*** Material shown Section Begins ***

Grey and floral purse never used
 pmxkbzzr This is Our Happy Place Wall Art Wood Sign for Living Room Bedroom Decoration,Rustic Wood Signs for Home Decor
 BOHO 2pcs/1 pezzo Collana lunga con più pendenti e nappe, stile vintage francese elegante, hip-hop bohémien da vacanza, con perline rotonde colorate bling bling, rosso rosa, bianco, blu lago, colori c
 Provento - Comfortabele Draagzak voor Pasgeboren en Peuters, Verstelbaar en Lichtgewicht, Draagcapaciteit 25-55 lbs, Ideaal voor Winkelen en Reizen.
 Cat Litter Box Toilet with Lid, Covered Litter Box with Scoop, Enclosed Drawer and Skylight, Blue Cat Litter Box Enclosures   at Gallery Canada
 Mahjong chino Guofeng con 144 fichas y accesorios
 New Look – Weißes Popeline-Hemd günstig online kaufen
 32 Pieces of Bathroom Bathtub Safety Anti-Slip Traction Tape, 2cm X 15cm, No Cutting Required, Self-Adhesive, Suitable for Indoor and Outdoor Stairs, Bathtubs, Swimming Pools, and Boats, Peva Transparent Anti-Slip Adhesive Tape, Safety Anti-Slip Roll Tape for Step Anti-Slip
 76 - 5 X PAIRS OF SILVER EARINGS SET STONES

*** Material shown Section Ends ***

**Work required**.
The answer should consist solely of the lines from the one that contains "Cat Litter Box" through the end of the material above, copied exactly.

**Answer**.
 Cat Litter Box Toilet with Lid, Covered Litter Box with Scoop, Enclosed Drawer and Skylight, Blue Cat Litter Box Enclosures   at Gallery Canada
 Mahjong chino Guofeng con 144 fichas y accesorios
 New Look – Weißes Popeline-Hemd günstig online kaufen
 32 Pieces of Bathroom Bathtub Safety Anti-Slip Traction Tape, 2cm X 15cm, No Cutting Required, Self-Adhesive, Suitable for Indoor and Outdoor Stairs, Bathtubs, Swimming Pools, and Boats, Peva Transparent Anti-Slip Adhesive Tape, Safety Anti-Slip Roll Tape for Step Anti-Slip
 76 - 5 X PAIRS OF SILVER EARINGS SET STONES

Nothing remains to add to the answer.